Fixed problems with Elements. Added elements_by_layerdat

tom-varga commented 9 years ago

Fixed Elements Class documentation. Added support for layerdat. Attempted to fix problem with str. Although not quite sure what the original intent was, so feel free to improve upon my solution. Fixed problem when .add() to an empty Elements, the layer and datapath values aren't set.

hohlraum commented 9 years ago

I don't think there's a need for a separate print method, especially since for an Elements x, x.print() gives different results from print(x). Better instead to use __str___ and __repr__. Consider the differences between the two discussed in http://stackoverflow.com/questions/1436703/difference-between-str-and-repr-in-python. In general the former is meant to be readable (it's what is returned by print when available) and the latter is meant to be unambiguous (in principle you ought to be able to recreate the object based on it's __repr__ string, although in practice this is rarely true). Note that for a collection like Elements __str__ should return the contents' __repr__.

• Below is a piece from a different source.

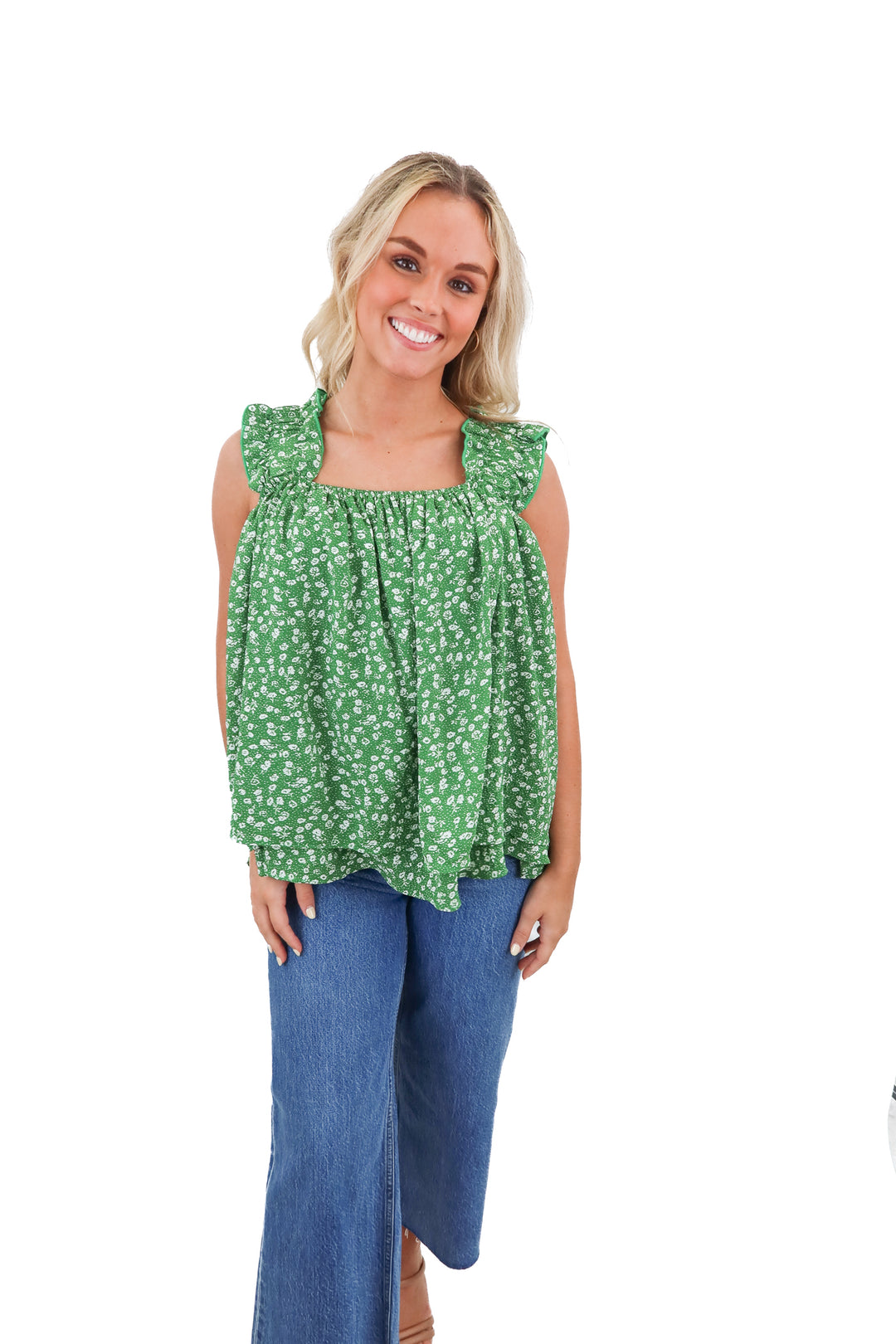 hyacinth house green floral tank top (s; retail $62)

We're using .shape a lot. Perhaps we should cache it, rather than recalculating continually.

A trivial concern: is layerdat the best term for the (layer, datatype) tuple? To me it implies special data (perhaps physical info) about the layer. Consider perhaps laydat or laytype? I don't know what's best.

tom-varga commented 9 years ago

While debugging the new Elements boolean functions, I found myself constantly wanting to see the gory details about Element and Elements' contents. The original Boundary and Elements str didn't even display the points. If you don't mind my adding points data to both str outputs, then there's no need for the print() function.

I'm really liking the idea of keeping things consistent between Boundary/Path and Elements as much as possible. If I have a list of of various types of things that I want to, say translate similarly, then it's nice not to have to worry about what type of object each one is.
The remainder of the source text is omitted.